From the first letter of 1 Peter 1:17 -23, we hear these words:
The gospel reading for the morning is from Luke 24:13 -35. Would you stand with me, if you wish, for the reading of the gospel?
The Word of God for the people of God. Thanks be to God.
Last week I spoke on taking our place in the stream of Christian history and taking our turn in spreading and sharing the gospel. When we take the position of one of those apostles and we do those things that Jesus wants us to do in the world today, that is taking our turn.
Today I want to talk about the decisions we make and their impact on our history and God's history. It is my belief that every decision one makes impacts on ones destiny. So regardless of how trivial a decision may be, how frivolous it may even seem to be, it is -- indeed -- forceful and has some impact on who you are and where you go and what happens with you. It doesn't matter how innocent it seems at the moment, all your decisions reflect you, your core of beliefs, and all of them impact eventually on your outcome.

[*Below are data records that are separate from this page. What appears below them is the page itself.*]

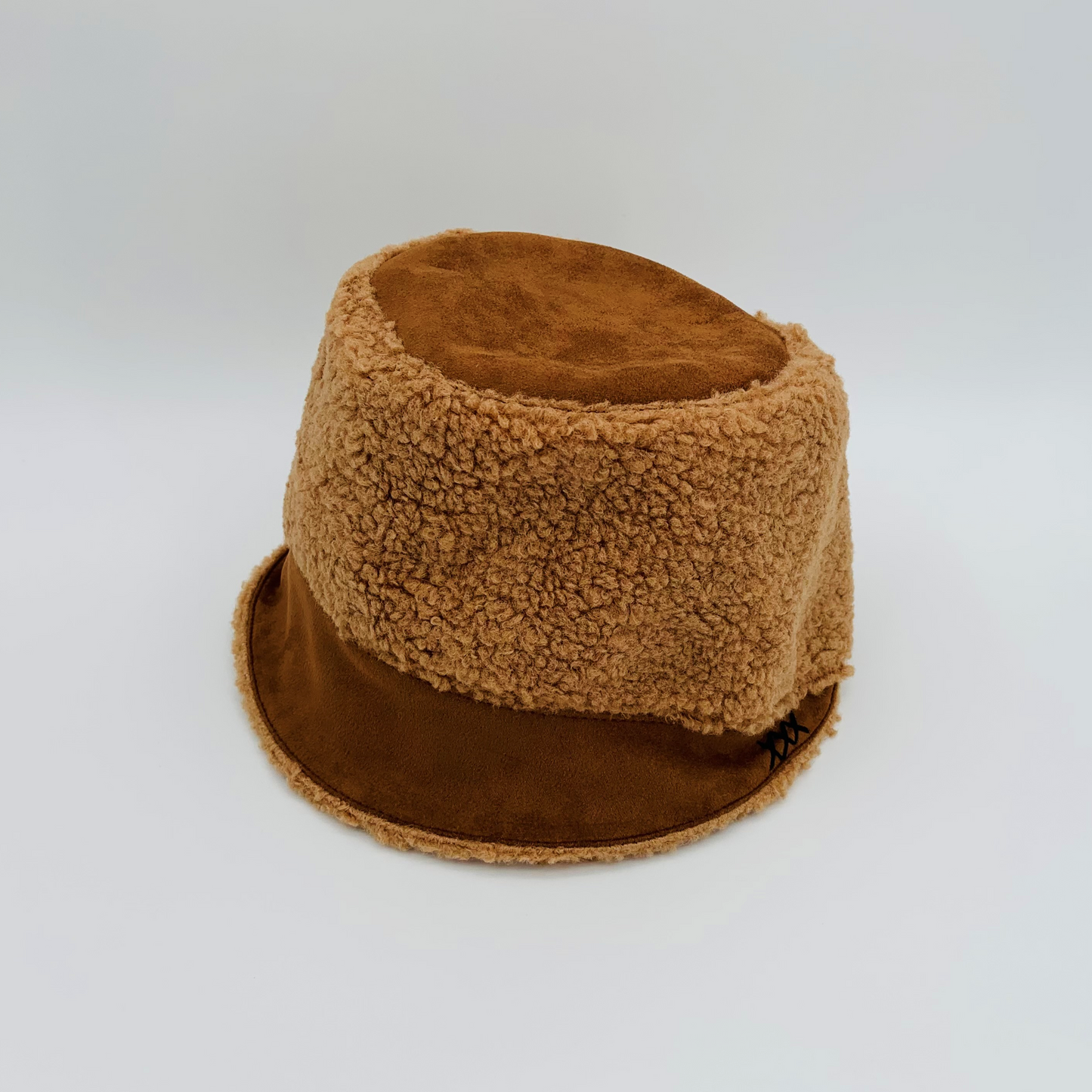 Bucket LID00046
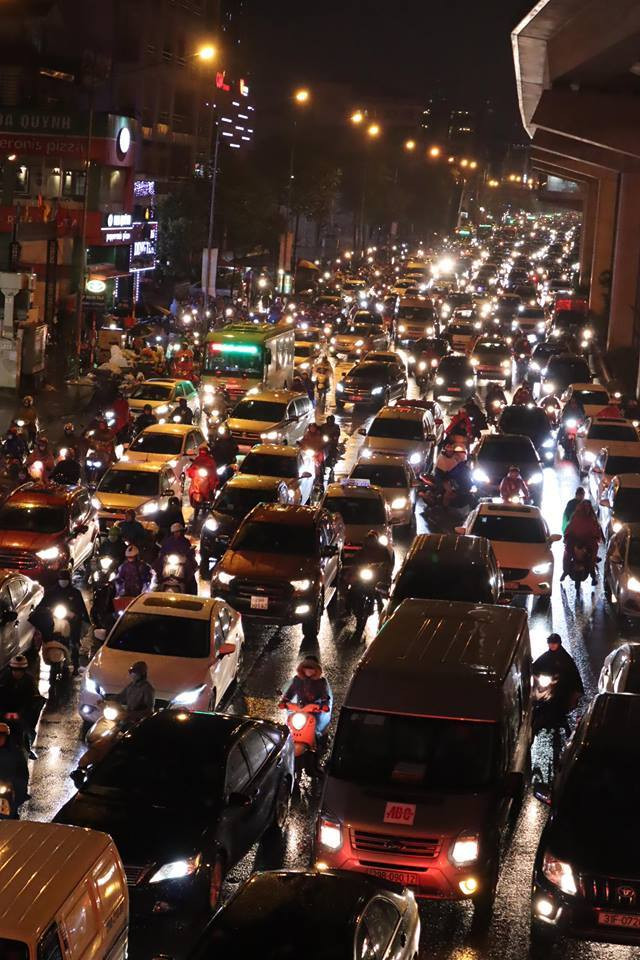 dong-xe-vo-tan-te-liet-trong-mua-ret-tam-ta-khap-nga-ha-thanh-1 4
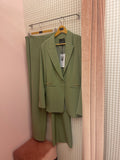 Nikkie Blazer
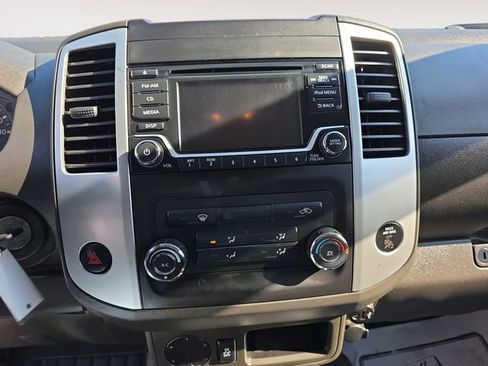 Used 2018 Nissan Frontier S image 10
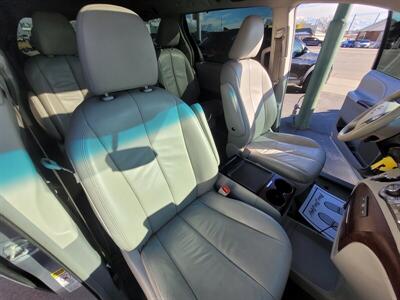 2013 Toyota Sienna XLE 8-Passenger   - Photo 11 - Roy, UT 84067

I have spoken a little to that with the children this morning. Because we do make decisions, we have to ask those central questions that are so critical to us, but I know that sometimes we are not in a spiritual position to react or to act according to our best interests.
For example, at age sixteen I was a young man who lived with his family in a very rural section of southwest Mississippi. We lived in a house that had no running water or accommodations. We had water from a well that we had bored and we took baths in washtubs. Simply put, that was our lifestyle. We had great fun, we worked hard, we had plenty to eat, and we enjoyed one another's company.
But also in those years of mine, I had been well trained in all the language that was used in the local area. I emphasize ALL the language used in the local area, including derogatory comments, including all the curse language that one could come up with; for I had an excellent trainer -- not my father, but an associate of his.
You see, at sixteen -- between my junior and senior years of high school -- I was working in my father's logging operation. It was rather small, but it was very strenuous and hard work; and one of the persons who had worked with us the years before was a person who had been a veteran of World War II. He had no teeth, and he was quite notorious for his story telling. He could tell all the despicable stories that one would want to hear. And tell them in such colorful language that you knew everything about whatever anyone else had -- all of their anatomy and all the rest. Because of that training, then, my mind was set on knowing all of that sort of information. So, I could use expletives, although I could not define what that was, I could use them as well as anyone else -- and habitually did.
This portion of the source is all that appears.